È sempre relativamente facile fare l’elenco dei paesi in cui si vive meglio: sappiamo già che in testa alla classifica troveremo gli stati scandinavi, qualche paese mitteleuropeo e alcune ricche democrazie di altri continenti. Più difficile è cercare di capire come se la cavano altrove, lontano dai paesi occidentali industrializzati.

Un’indipendenza faticosa

Pensiamo, ad esempio, all’Africa: dopo secoli di colonialismo e decenni di imperialismo, il continente si è progressivamente reso indipendente nel corso del secondo dopoguerra, faticando però spesso a trovare una propria via alla democrazia e finendo in molti casi per venire martoriato da guerre civili infinite e fratricide, dittature barbare o leggi che legalizzavano sistemi sostanzialmente razzisti.

Chiaro che in condizioni del genere è ben difficile far fiorire un’economia solida, arricchirsi e progredire; qualcuno, però, c’è riuscito.

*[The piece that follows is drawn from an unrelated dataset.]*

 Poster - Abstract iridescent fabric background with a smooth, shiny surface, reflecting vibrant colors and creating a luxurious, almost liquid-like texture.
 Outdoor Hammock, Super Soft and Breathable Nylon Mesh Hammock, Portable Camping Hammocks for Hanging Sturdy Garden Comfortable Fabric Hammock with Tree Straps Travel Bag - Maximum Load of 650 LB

Scopriamo chi tramite questa guida ai cinque paesi più ricchi dell’Africa sulla base del potere d’acquisto dei loro abitanti.

 

Mauritius

Non più solo canna da zucchero, ma anche moda e turismo

La bandiera delle MauritiusAl quinto posto della graduatoria, con un PIL pro capite (adattato alla parità di potere d’acquisto) di quasi 15.500 dollari troviamo Mauritius, un piccolo arcipelago di isolotti al largo del Madagascar, nella parte sud-orientale del continente.

Ex colonia britannica – ma prima era stata in mano anche agli olandesi, che le diedero il nome in onore del principe Maurizio di Nassau, e ai francesi – resasi indipendente solo nel 1968, è una nazione saldamente democratica, membro del Commonwealth e capace di attrarre ingenti investimenti stranieri; situata non lontana dalle più famose Seychelles, delle quali torneremo a breve a parlare, Mauritius ha un’economia che è un piccolo miracolo, in quanto riesce a distribuire la ricchezza in maniera molto più equa di quanto non avvenga nella quasi totalità degli altri paesi africani.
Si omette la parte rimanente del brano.